I read: he listened.

Before I explain the critique and how grateful the whole experience ended up making me feel, I have to interject with a few of the funny sides of that deal.

As you know, I write romance, and my son knows this too, but I always assure him I would never expect him to read or listen to the more graphic parts (to save us both a lot of embarrassment), and again, I really don’t have too much in the way of hot & steamy written down yet anyhow. But, as I read aloud, he would always groan when I came to the descriptive aspects of the human body – especially the males. Finally, I turned and asked: What is your problem? And he said: I don’t like hearing about manly chest hair, and strong, virile muscles. It’s … uncomfortable.”

“Really? You mean, like …” and I proceeded to open up my Yahoo!Mail account, to which we both stared at a woman in a bikini for, of all things, auto insurance. Then I clicked on another link and we stared at an anime character with size 58 triple E breasts – because that’s just what every 13 year old boy on the planet wants to look at. And on, and on, and on it went until he caved.

“Is that what you mean by discomfort, my child? Hearing your mother say his well-defined pecs is discomforting? Sitting with her in front of the television during a Viagra or beer commercial isn’t?”

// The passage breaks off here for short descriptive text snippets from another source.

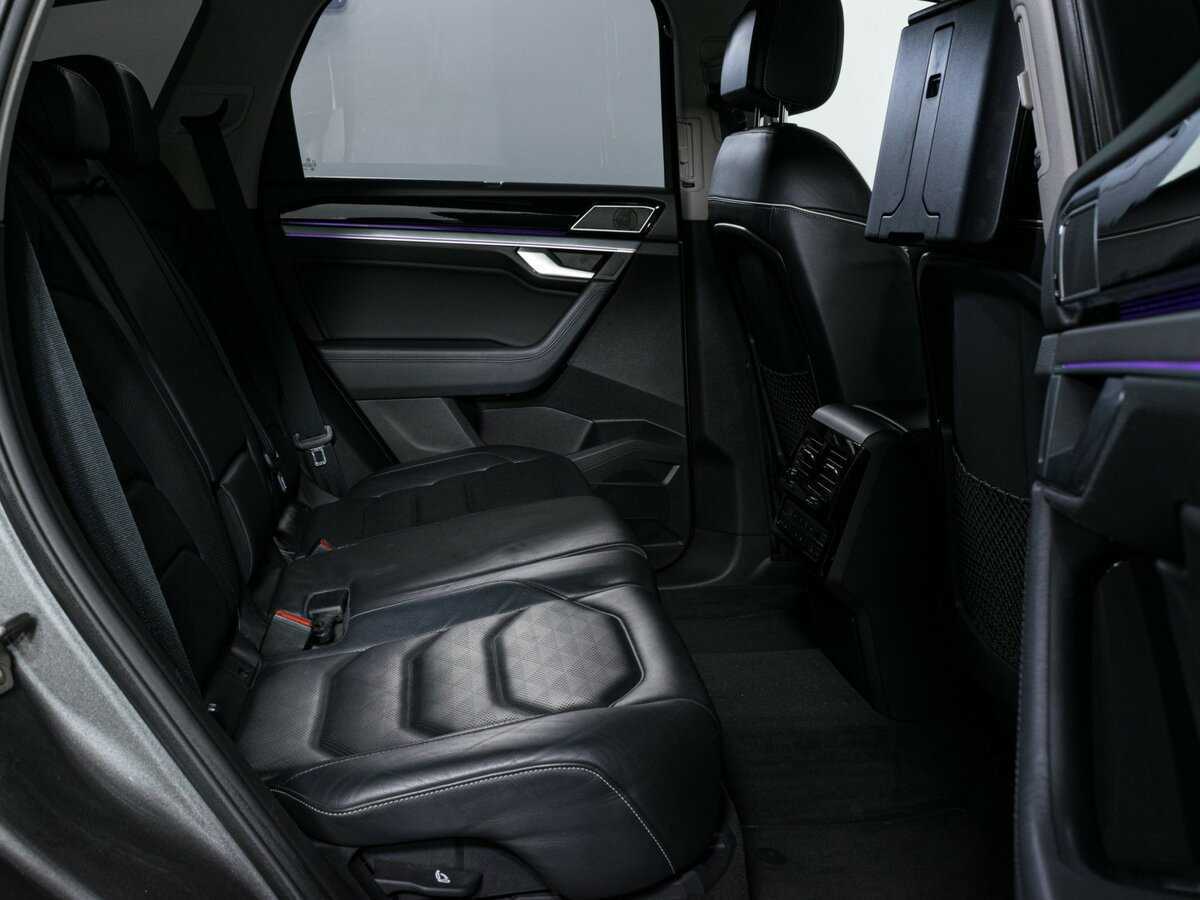 Купить Volkswagen Touareg с пробегом. Фото: #13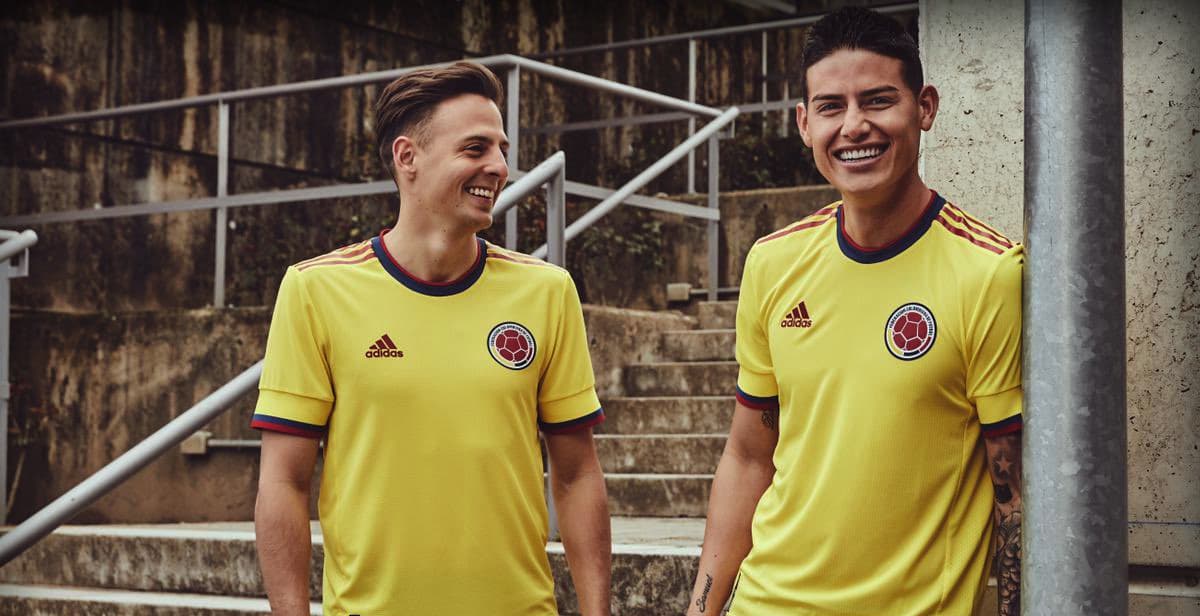 Casi un año después, Colombia presentó su nueva playera
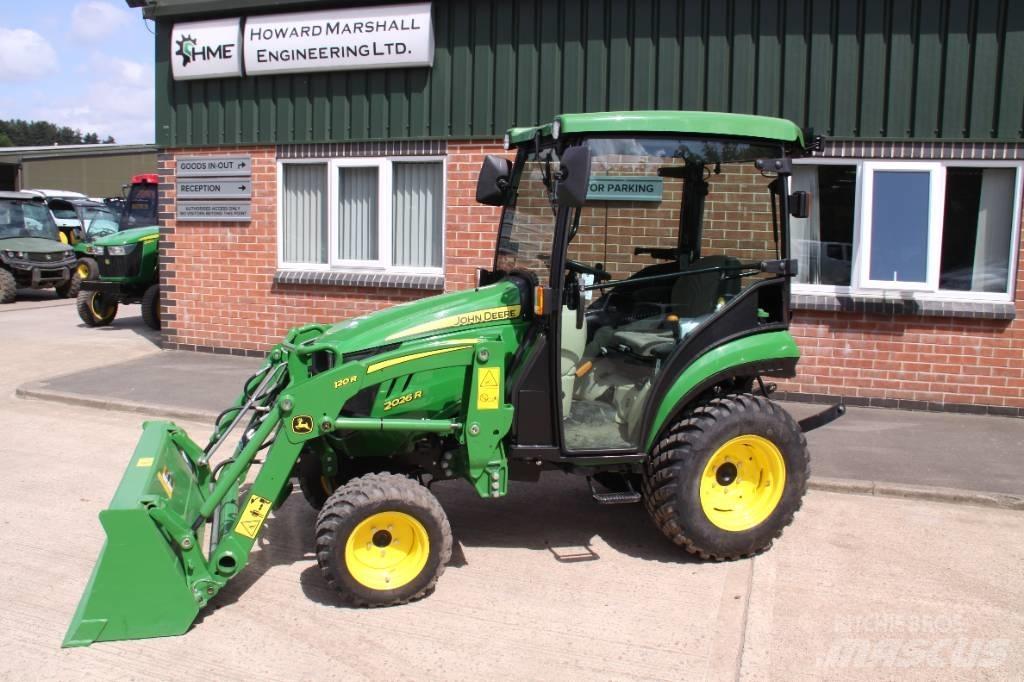 John Deere 2026R Traktorit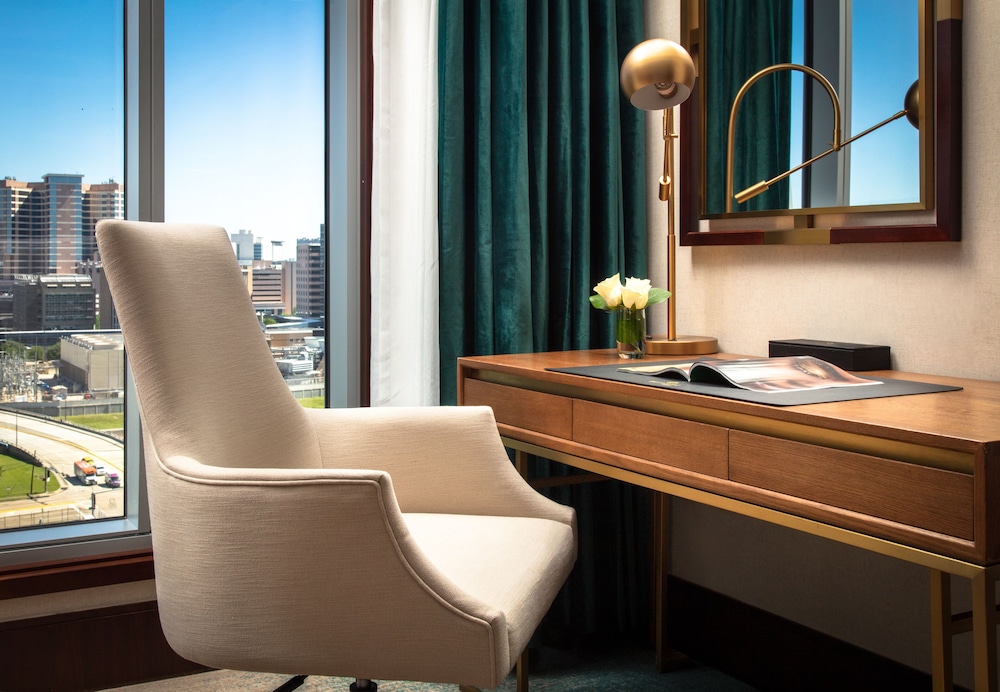 Blossom Hotel Houston Curio Collection by Hilton - photo 14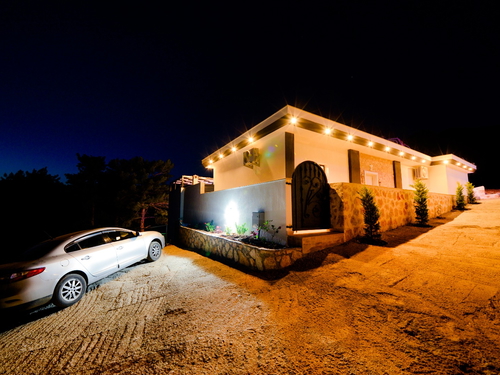  gece  -  Kasım
  | Kalkan Akbel Muhafazakar Villa (4 Kişilik, Doğa İçinde, Jakuzili, Isıtmalı Havuz Seçenekli)
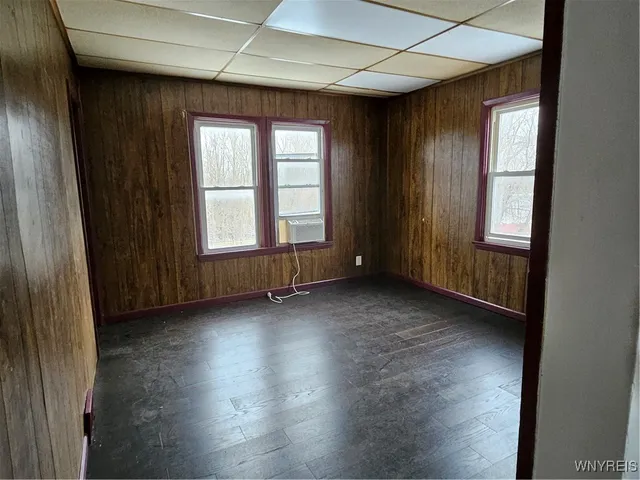 $1,100 | 1037 Walden Avenue, Unit 4, Cheektowaga, NY 14211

We both laughed, I watched as the brilliant light appeared above his head, and then he caved, admitting defeat and a not-too-late realization of the disproportionate unfairness of my pov over his view of the world.

So, with that out of the way, and due to his new-found understanding of what is fair for the goose is fair for the gander, we got back down to business. But, as a result of this exchange, he ended up giving me a few links to some of the authors he is familiar with, and whom he felt wrote the best sex scenes he had come across in all the time he’s been lost in the world of books.

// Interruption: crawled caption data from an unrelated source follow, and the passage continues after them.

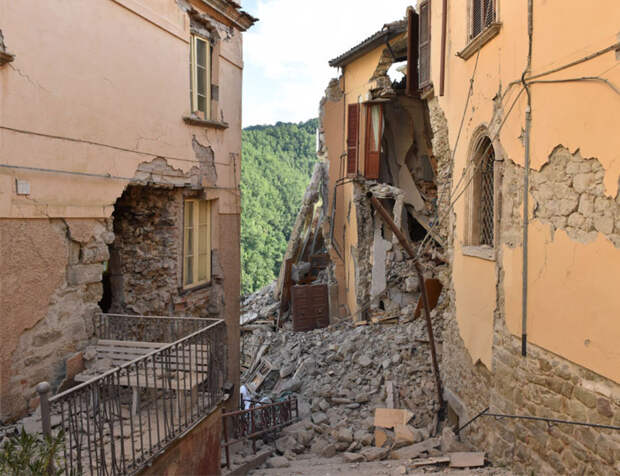italy-earthquake-before-after-4-1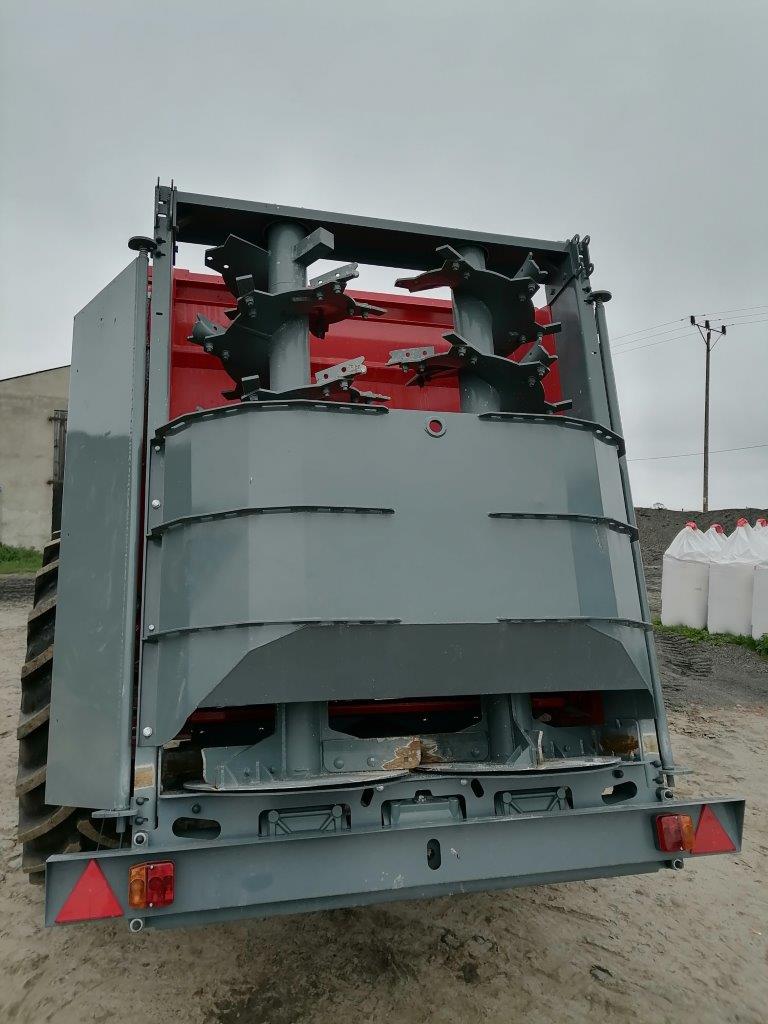 OSŁONA DO WAPNA ZE STOŁEM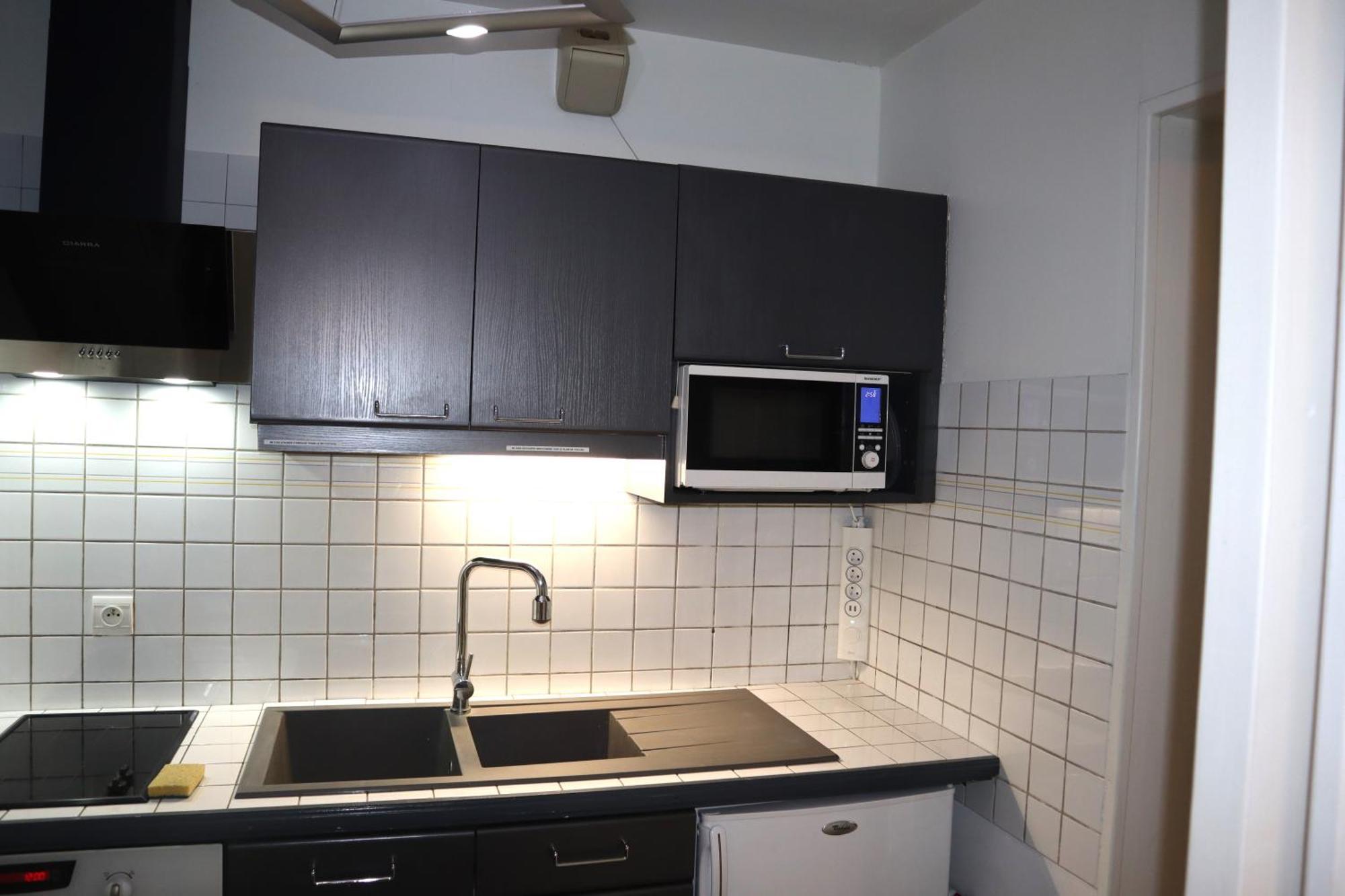 Apartment 201, Les Ambassadeurs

Wait, I said. You have said for the fifth time now that you’re not a fan of romance novels and aren’t familiar with their structure, and now you’re leading me to novelists who not only write romance, but because you felt that they wrote the best or most captivating sex scenes? Who is uncomfortable now, son?

To which I received another of those ‘ah-ha’ moment looks from him and then waited casually for him to process the information before he finally relaxed, smiled, and then apologized for his own ignorance. I always like to end those moments with something profound, like Derp, and more to lessen his pain than to make me laugh a bit harder.

LOL – another milestone moment of discovery – for him. See, even if he is more intelligent, possesses a well-balanced knowledge of a more vast repertoire of all thing literature, I’m still his mom and I’ll always have something over on him in the older/wiser category of life.

And, the whole issue of this sex thing arose when he started to ask things like: well, aren’t they going to kiss? and: where’s the romance? why aren’t they doing anything … you know … romantic, yet? and the like.

Make up your mind, son. Do you want to hear your mother reading that type of thing or not?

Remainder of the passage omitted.